In the world of Congressional votes, the truth is seldom seen, but much mischief can be made.
During the debate in Flint, Michigan, a visibly tired Sanders did a poor job of explaining the confusion. I am not a Sanders supporter, but the truth is always important.
Secretary Clinton is chastising Sanders in the Motor State for not voting for the bill that created the funding for an auto bailout. Except, it wasn’t known that the Troubled Asset Relief Program (TARP) bill, designed to bail out Wall Street banks from their subprime mortgage loan debacle that was crashing the economy, would be used to rescue the auto industry at the time Senators Sanders and Clinton voted on it. Clinton voted yay. Sanders voted nay. It was President Bush who signed the bill into law.
Later, in December 2008, the Senate took up a separate bill that would have provided rescue funds specifically for the auto industry. That bill failed to get the 60-vote filibuster-proof minimum when Republicans balked at saving General Motors GM +0.70%, Ford and Chrysler, in large part because they wanted to use the occasion to try and destroy the United Auto Workers union, which stood to benefit from a bailout by having their healthcare fund and pensions protected, and its interests prioritized over bond holders. Both Clinton and Sanders voted for this bill.
When the specific auto bailout bill failed, President-elect Obama telegraphed that he would use TARP funds after he took office to help GM and Chrysler (with Fiat controlling ownership) go through managed bankruptcies and help some auto suppliers get through the difficult period. And so he did.
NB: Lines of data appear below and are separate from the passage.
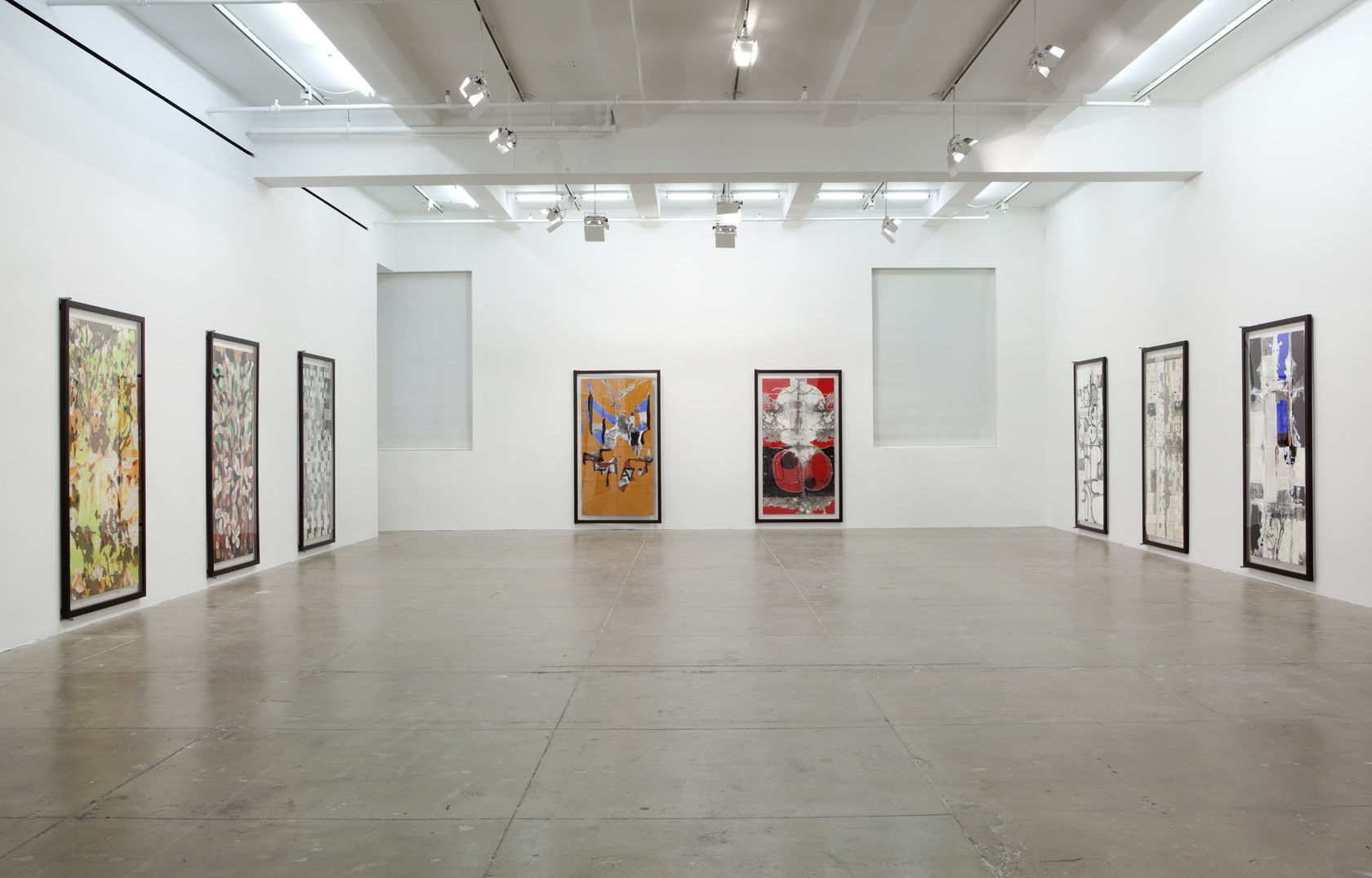 Eight large vertical abstract paintings fill the walls of a large white room. 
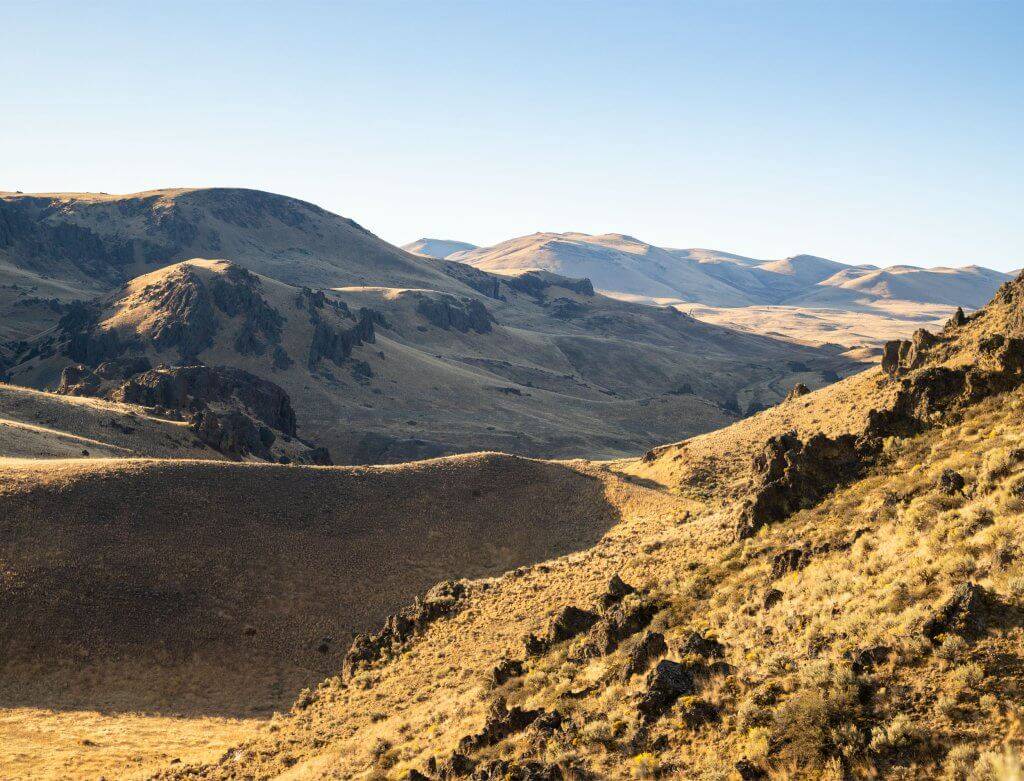 A scenic shot of the rolling Owyhee Mountains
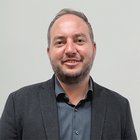 Tiefbauunternehmer Portrait eines lächelnden Mannes mit kurzem Bart und Anzugjacke vor heller Wand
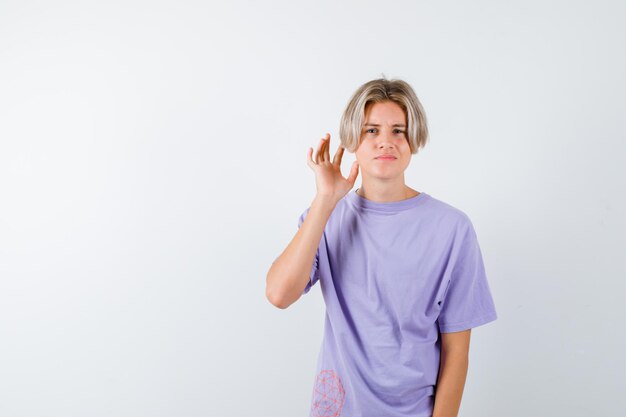 Expressive young boy posing in the studio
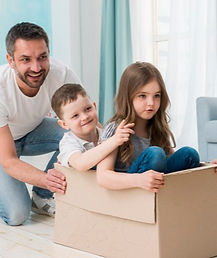 family playing with cardboard box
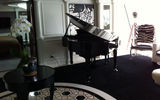 A baby grand piano in the Music Room of one of four Owner's Suites.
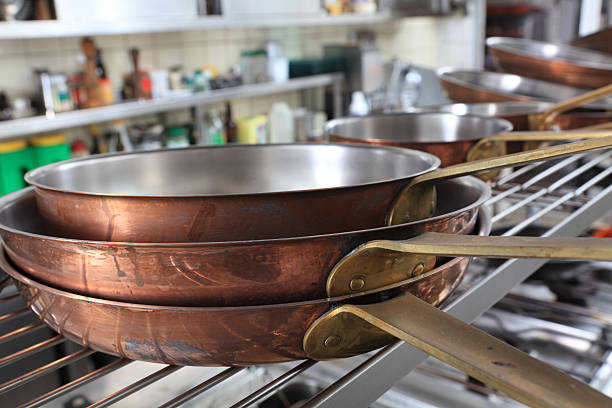 plano aproximado de cobre fryingpans empilhados em uma cozinha profissional - kupferpfanne imagens e fotografias de stock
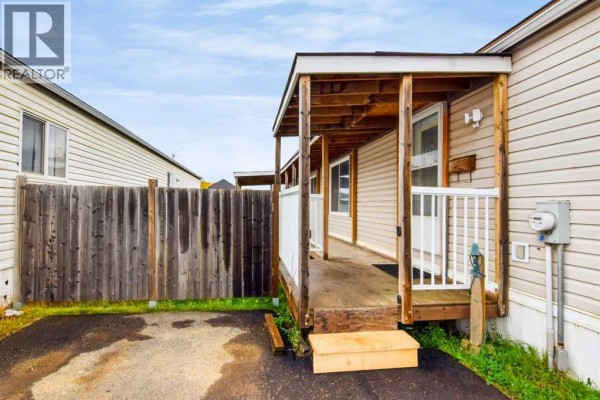 Wooden covered porch with white railings and steps leading to the entrance of the mobile home. - 171 Grant Way, Fort Mcmurray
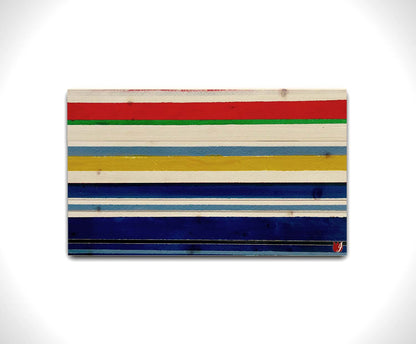 A painting of white, blue, red, yellow, and green stripes that envoke a nautical feeling. Printed on a wood pallet.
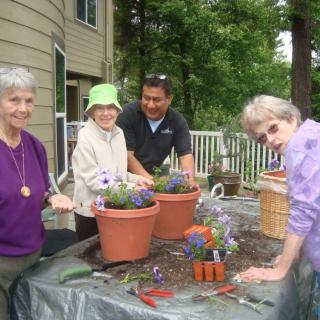 A group of people enjoying a gardening activity together outside, surrounded by potted plants and flowers.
Clinton charging Sanders with not supporting the auto industry bailout is a pretty clear example of cheap election-year tactics where you hope the talking point will resonate more loudly than the fact-checkers. Sanders supported the auto industry rescue, but did not want it to be part of the TARP vote. And it was not known that TARP would be used for the auto rescue at the time of the vote.
◾️ The Vermont senator says at a Monday rally in Kalamazoo that he voted in 2008 for the rescue of the auto industry in the Senate when it was a stand-alone issue and not included in a bailout for Wall Street. The Senate measure ultimately failed and President George W. Bush approved more than $13 billion in federal aid to the automakers.